Reproduce word for word the line holding "Alright, let's get" and all lines after it in the data, through the end, leaving out pictures.

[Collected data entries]
BEGIN
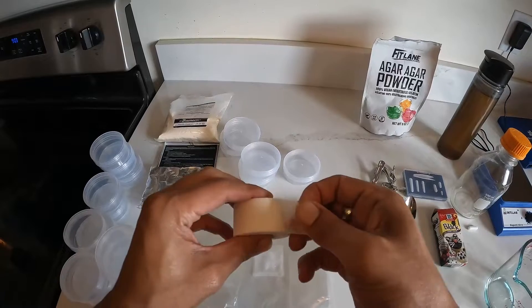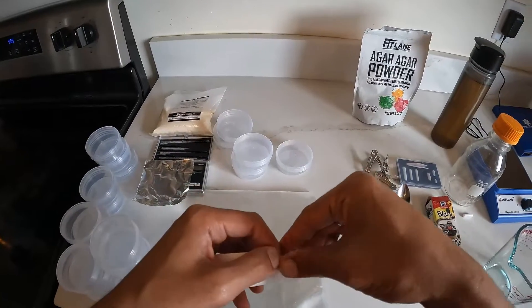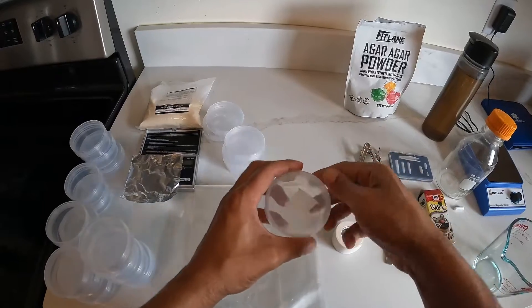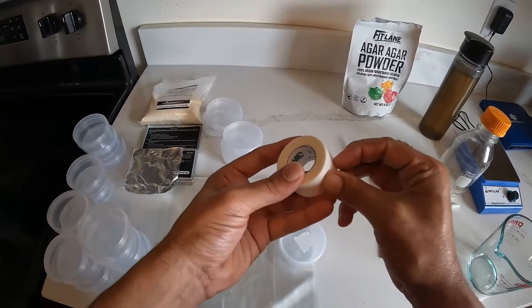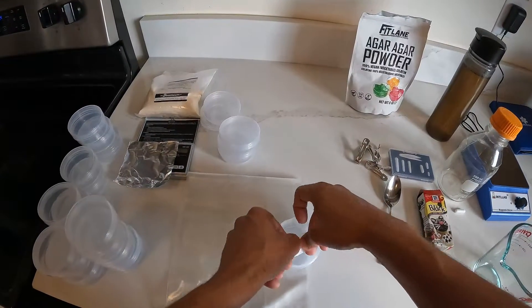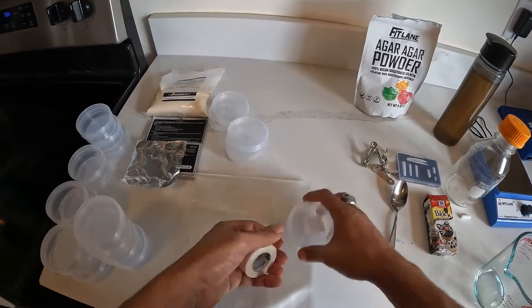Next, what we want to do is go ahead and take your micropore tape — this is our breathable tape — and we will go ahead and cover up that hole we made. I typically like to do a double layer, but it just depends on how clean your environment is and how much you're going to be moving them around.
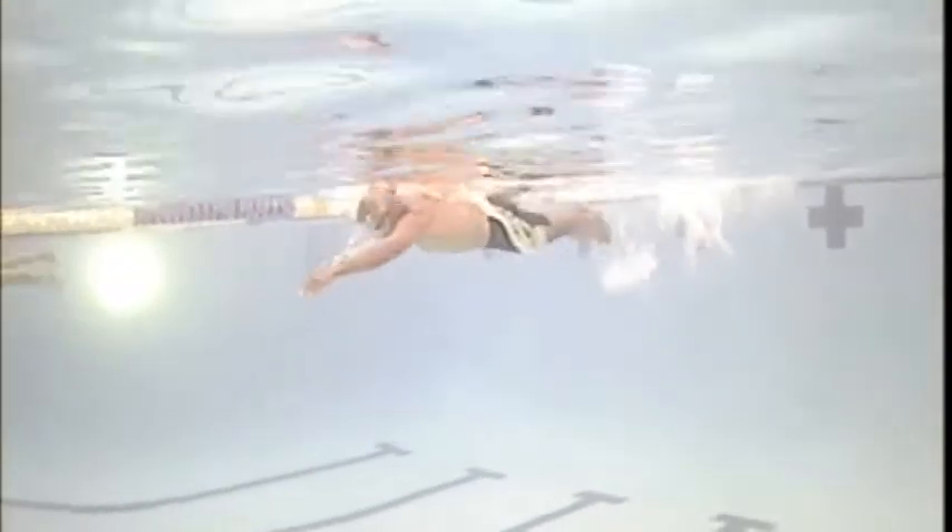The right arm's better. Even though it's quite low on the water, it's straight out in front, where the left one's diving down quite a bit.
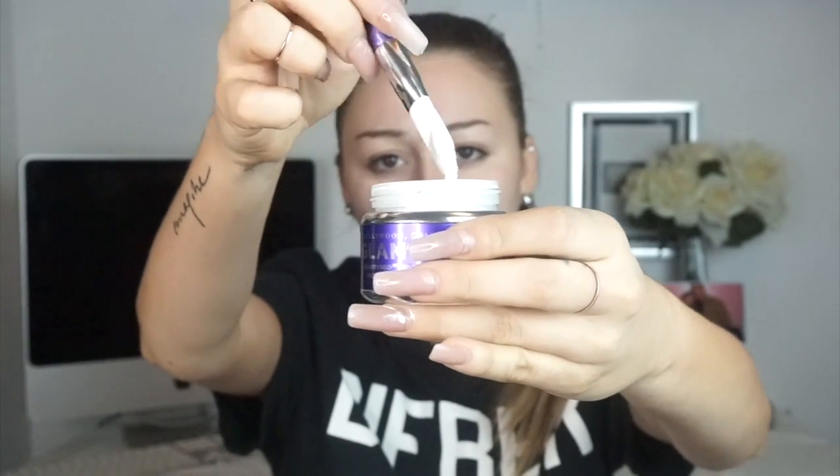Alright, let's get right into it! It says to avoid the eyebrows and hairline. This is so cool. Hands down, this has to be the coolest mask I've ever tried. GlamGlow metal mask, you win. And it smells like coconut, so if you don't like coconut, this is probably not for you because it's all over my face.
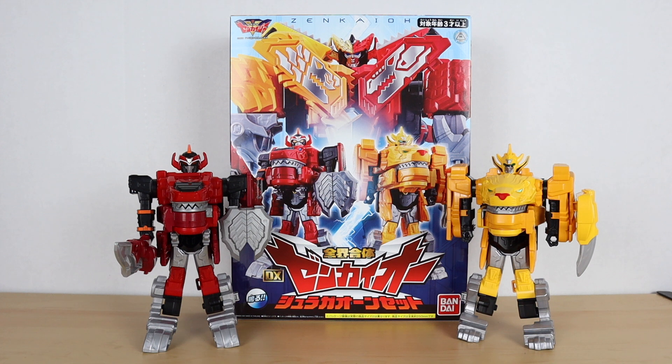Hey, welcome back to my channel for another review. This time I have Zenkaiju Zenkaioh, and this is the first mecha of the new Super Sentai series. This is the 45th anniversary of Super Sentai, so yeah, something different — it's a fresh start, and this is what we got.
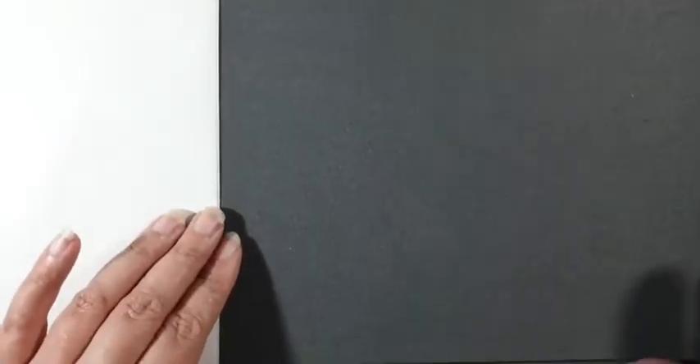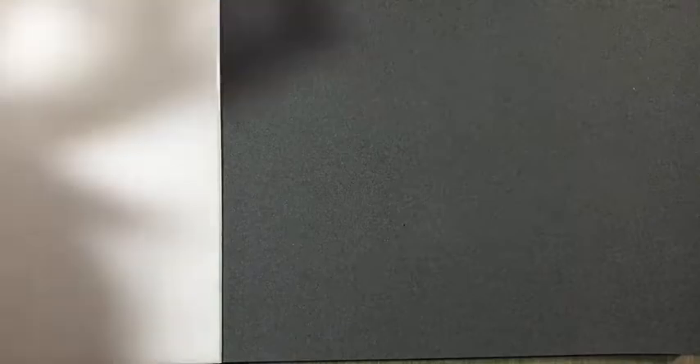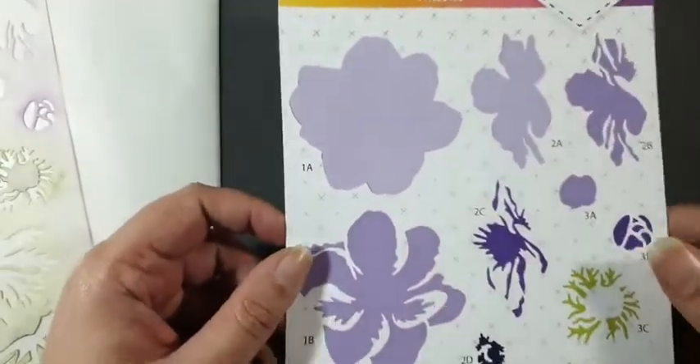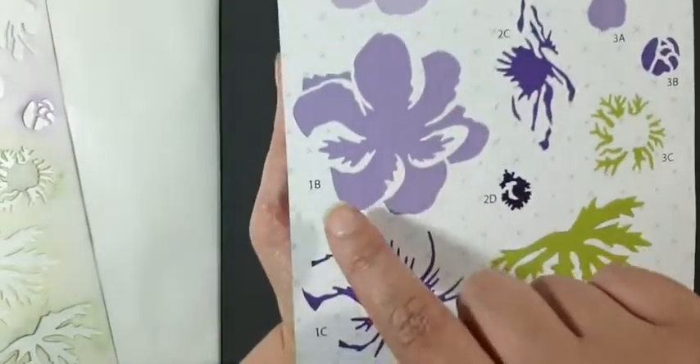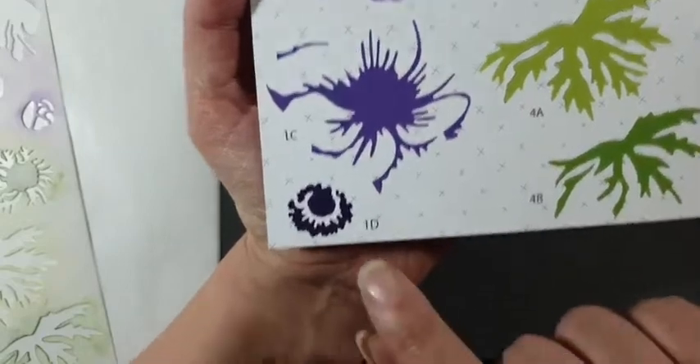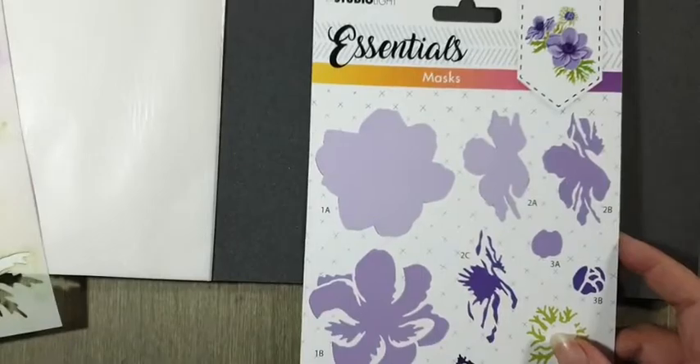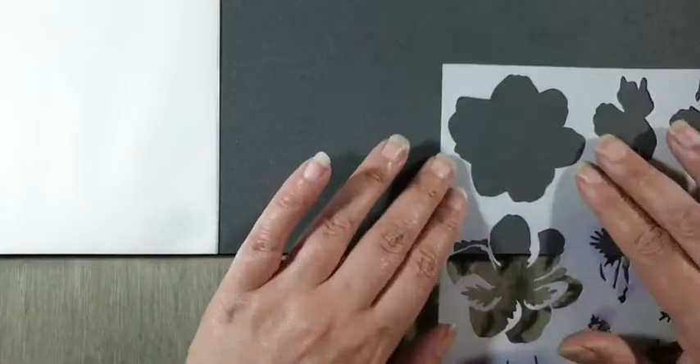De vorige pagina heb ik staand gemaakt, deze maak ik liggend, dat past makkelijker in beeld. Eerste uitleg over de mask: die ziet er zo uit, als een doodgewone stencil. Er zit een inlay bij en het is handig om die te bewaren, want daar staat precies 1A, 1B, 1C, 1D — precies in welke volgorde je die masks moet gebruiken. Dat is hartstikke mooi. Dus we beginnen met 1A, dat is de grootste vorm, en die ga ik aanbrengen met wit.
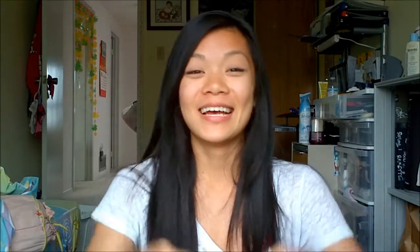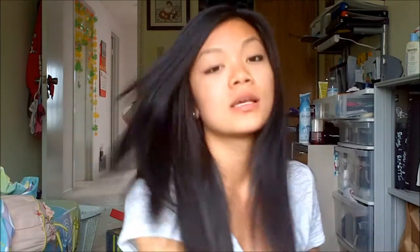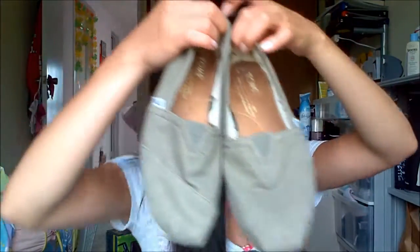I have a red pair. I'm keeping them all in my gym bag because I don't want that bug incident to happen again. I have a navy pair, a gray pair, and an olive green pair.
END
Response box:
Alright, let's get right into it! It says to avoid the eyebrows and hairline. This is so cool. Hands down, this has to be the coolest mask I've ever tried. GlamGlow metal mask, you win. And it smells like coconut, so if you don't like coconut, this is probably not for you because it's all over my face.
Hey, welcome back to my channel for another review. This time I have Zenkaiju Zenkaioh, and this is the first mecha of the new Super Sentai series. This is the 45th anniversary of Super Sentai, so yeah, something different — it's a fresh start, and this is what we got.
De vorige pagina heb ik staand gemaakt, deze maak ik liggend, dat past makkelijker in beeld. Eerste uitleg over de mask: die ziet er zo uit, als een doodgewone stencil. Er zit een inlay bij en het is handig om die te bewaren, want daar staat precies 1A, 1B, 1C, 1D — precies in welke volgorde je die masks moet gebruiken. Dat is hartstikke mooi. Dus we beginnen met 1A, dat is de grootste vorm, en die ga ik aanbrengen met wit.
I have a red pair. I'm keeping them all in my gym bag because I don't want that bug incident to happen again. I have a navy pair, a gray pair, and an olive green pair.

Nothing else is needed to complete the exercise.